Controlled experiments were popularized by world-leading tech companies like Amazon, Google, Meta and Booking.com. Jeff Bezos has attributed much of Amazon’s success to “the number of experiments we run per year, per month, per day.”
However more recently there’s been a backlash against controlled experiments as the only product development lever, as shown by Brian Chesky’s vocal championing of a more vision-led approach founded in design.
These positions are closer than the soundbites would initially suggest.
Most companies should be running A/B tests when they have the traffic and the stakes are high enough, but shouldn’t see this as the only way to validate features or as a substitute for a strong product strategy.
This is obviously a judgement call that product teams need to make on a case-by-case basis.

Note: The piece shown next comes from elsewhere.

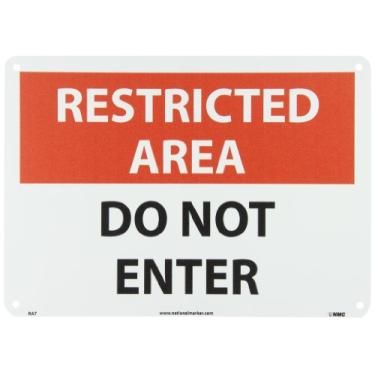 Imagem de NMC Placa de segurança RA7AB, legenda "Área restrita - NÃO entre", 35,5 cm de comprimento x 25,4 cm de altura, alumínio, preto/vermelho sobre branco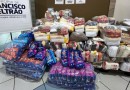 Entidades sociais e protetores de animais recebem alimentos e rações de supermercados autuados pelo Procon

To make sure you understand the principles involved and are equipped to make this call, in this article we’ll look at:
- The advantages of A/B testing
- The limitations of A/B testing
- When to use A/B tests and when not to
Get the Hustle Badger Guide to How to run effective A/B tests
Advantages of A/B testing
“When is the best time to A/B test? The short answer is always. The more realistic answer is whenever you can.”
– Jon Simpson, Forbes
An effective A/B testing program has a number of attractive benefits:
- Data-driven decision-making - By measuring key metrics (e.g. conversion rates or revenue) teams focus on what actually works rather than gut feel.
- Faster learning - Numerical insights reduce trial-and-error cycles, enabling faster, more effective iterations.

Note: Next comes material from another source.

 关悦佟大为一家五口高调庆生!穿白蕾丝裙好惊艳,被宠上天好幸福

- Confident roll outs - You can be sure of the impact a feature will have, before exposing it to the full user base.
Let's look at each of these reasons in detail.
Data-driven decision-making
A/B testing helps product teams become more data-informed, and better able to resist pressure from stakeholders to build features without a solid business plan.

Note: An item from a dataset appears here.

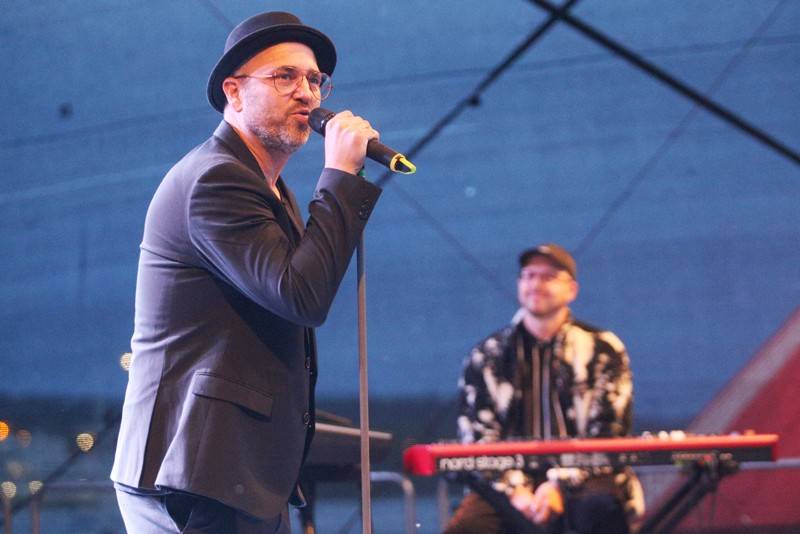 Groove Brno slaví dospělost. Gratulovali mu hvězdný kytarista Cory Wong, The Stylists či klavírista NIJI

Lots of product work is innovation - launching new features. Because these features are new, the impact they will have is uncertain. Combine this fact with the cost of running an engineering team, and product work is an expensive activity that offers an uncertain rate of return.
A/B testing lets you understand with much more accuracy the true impact that features have had, and as a result estimate the impact that future features might have.
This is the case even when the impact of new features is very small, and might be impossible to detect without controlled quantitative testing. Instead of having to take a gut call and hope for the best, you can be sure that you’re moving in the right direction and accumulate small changes that over time contribute to big improvements in the user experience and business results.
This allows product work to be significantly derisked, and increases the average rate of return that product teams might deliver.
Once product teams have hard data to support their hypotheses, it’s much easier to steer stakeholders away from ideas that they feel are great, and towards options where there’s a solid hypothesis.
Faster learning
A/B testing can speed up product iteration by detecting smaller changes in metrics unambiguously.
Rather than waiting to collect qualitative data from customers, or investing heavily in an area to see if you can drive a significant impact, A/B testing gives you certainty over whether small tests are driving change.
If they are, you can double down on them, confident that you’ll be able to drive more impact. If not, you can avoid further investment and experiment elsewhere to find pockets of value.
Get the Hustle Badger Case Study on Booking.com’s experimentation culture
Confident roll–outs
‘There are essentially three main reasons why we use the experimentation platform as part of our development process.
- It allows us to deploy new code faster and more safely.
- It allows us to turn off individual features quickly when needed.
- It helps us validate that our product changes have the expected impact on the user experience.’
– Lukas Vermeer, Booking.com experimentation
Another use of your experimentation platform is to help deploy code. By putting new features behind a feature flag and monitoring the results between the control and new variant you can see the impact new features are having and turn them off instantly if you see that something is going wrong.
In this case, the A/B test platform acts as an extra safety net. If all shipped code is wrapped in an experiment, then it is easy to turn features off / on.
That said, let’s be clear that a staged roll out is not the same as a true A/B test, and you should be clear about your objectives here.